Dr. Wilson connected those roots to the Fisk Jubilee Singers, whose performance for Queen Victoria helped coin the term “Music City.” He called the Negro Spiritual “the seed of American music,” the foundation for every genre that followed. His personal journey, from student to director of the same historic ensemble, brought that legacy full circle.

JMo reflected on his Oakwood University roots (“the Juilliard of the South”) and how his move into publishing and sync let him help songwriters turn creativity into sustainability, proof that the business of music can still serve the soul of it.

The Sound of Now

The panel didn’t shy away from the present. From Beyoncé’s Cowboy Carter to the Kendrick vs. Drake saga, we unpacked how art, identity, and ownership continue to intersect.

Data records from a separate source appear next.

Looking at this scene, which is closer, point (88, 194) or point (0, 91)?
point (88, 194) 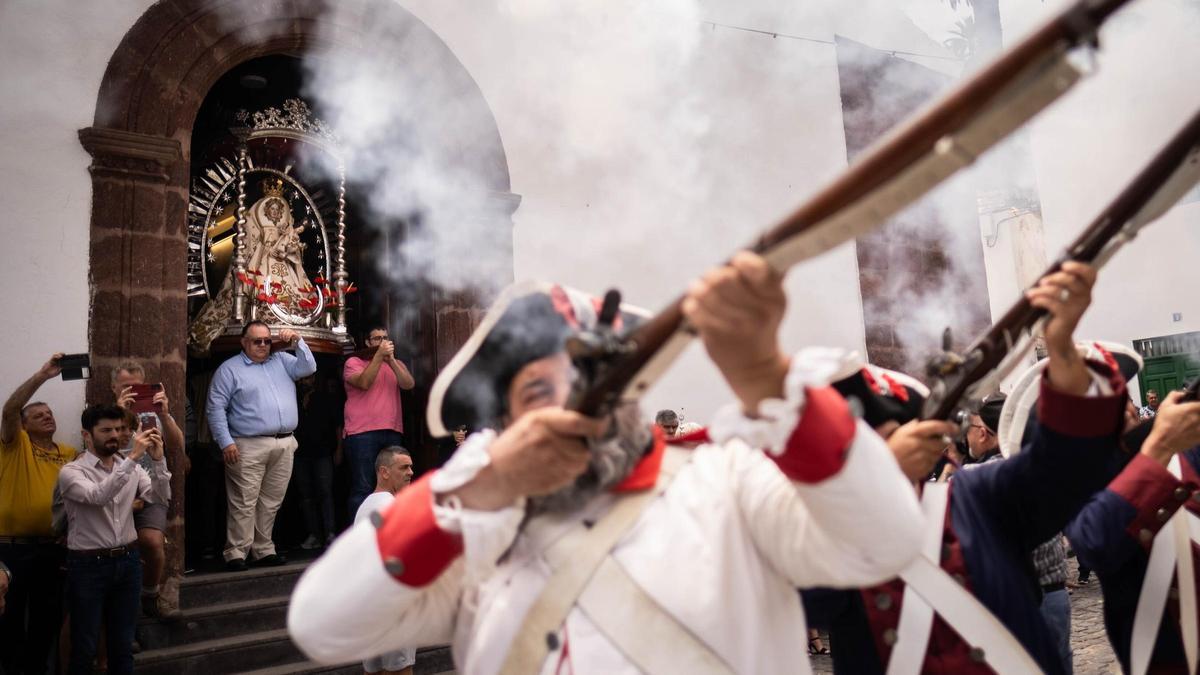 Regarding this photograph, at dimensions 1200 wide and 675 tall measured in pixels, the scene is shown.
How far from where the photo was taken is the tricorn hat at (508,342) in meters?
1.61

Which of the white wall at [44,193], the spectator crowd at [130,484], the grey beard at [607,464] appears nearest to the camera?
the grey beard at [607,464]

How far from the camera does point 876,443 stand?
1307mm

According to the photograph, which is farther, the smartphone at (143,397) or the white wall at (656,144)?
the white wall at (656,144)

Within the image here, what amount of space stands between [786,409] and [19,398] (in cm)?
486

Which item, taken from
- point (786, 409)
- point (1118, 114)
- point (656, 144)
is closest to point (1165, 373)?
point (1118, 114)

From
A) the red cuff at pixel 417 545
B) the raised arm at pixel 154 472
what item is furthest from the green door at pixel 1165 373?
the red cuff at pixel 417 545

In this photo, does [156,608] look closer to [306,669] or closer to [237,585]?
[237,585]

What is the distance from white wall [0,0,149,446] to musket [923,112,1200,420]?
16.0 ft

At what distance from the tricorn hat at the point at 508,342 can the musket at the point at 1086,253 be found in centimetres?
76

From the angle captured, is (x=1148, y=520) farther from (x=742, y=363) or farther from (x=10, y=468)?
(x=10, y=468)

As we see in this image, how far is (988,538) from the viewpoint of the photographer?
2154 mm

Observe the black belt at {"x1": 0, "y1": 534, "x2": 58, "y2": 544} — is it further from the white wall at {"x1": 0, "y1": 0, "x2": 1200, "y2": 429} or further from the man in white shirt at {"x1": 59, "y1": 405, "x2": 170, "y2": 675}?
the white wall at {"x1": 0, "y1": 0, "x2": 1200, "y2": 429}

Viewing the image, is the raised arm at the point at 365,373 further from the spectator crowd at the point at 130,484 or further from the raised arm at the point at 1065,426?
the raised arm at the point at 1065,426

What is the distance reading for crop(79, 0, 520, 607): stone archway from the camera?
5.23 m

Beyoncé’s country crossover sparked a conversation about validation and visibility. Eric broke down how she intentionally bypassed Nashville’s “kiss the ring” politics, a bold move that redefined what inclusion can look like when you own your narrative. Dr. Wilson challenged us to think deeper about who decides cultural impact, questioning why Renaissance didn’t earn the same critical acknowledgment despite its reach.

When the topic turned to hip-hop “beefs,” JMo admitted he loves the competition but not the chaos. Eric reframed it as a creative tradition: a test of authenticity where artistry ultimately wins.

The Future

Each panelist saw hope ahead. JMo called for a return to real emotion in music: art that moves people more than algorithms. Eric predicted a future where Black creativity becomes fully “genre-less,” with artists like Kendrick and Beyoncé already leading the way.

Dr. Wilson ended on education, urging institutions to create space for all kinds of genius. He wondered aloud whether music schools would even accept someone like Kendrick Lamar, a Pulitzer Prize winner and one of our generation’s greatest storytellers. His point landed: the future of Black music should be expansive enough to hold every kind of brilliance.

A Reflection

Our music has always carried the stories of who we are: from the Jubilee Singers’ spirituals to hip-hop’s bold self-definition. Each era builds on the last, pushing culture forward.

That through-line is what Kinfolk stands for: creating spaces where Black culture is honored, challenged, and evolved in real time. Beats That Move the World was a mirror reflecting how far we’ve come, and a reminder that our rhythm, our innovation, and our truth continue to set the pulse for the world.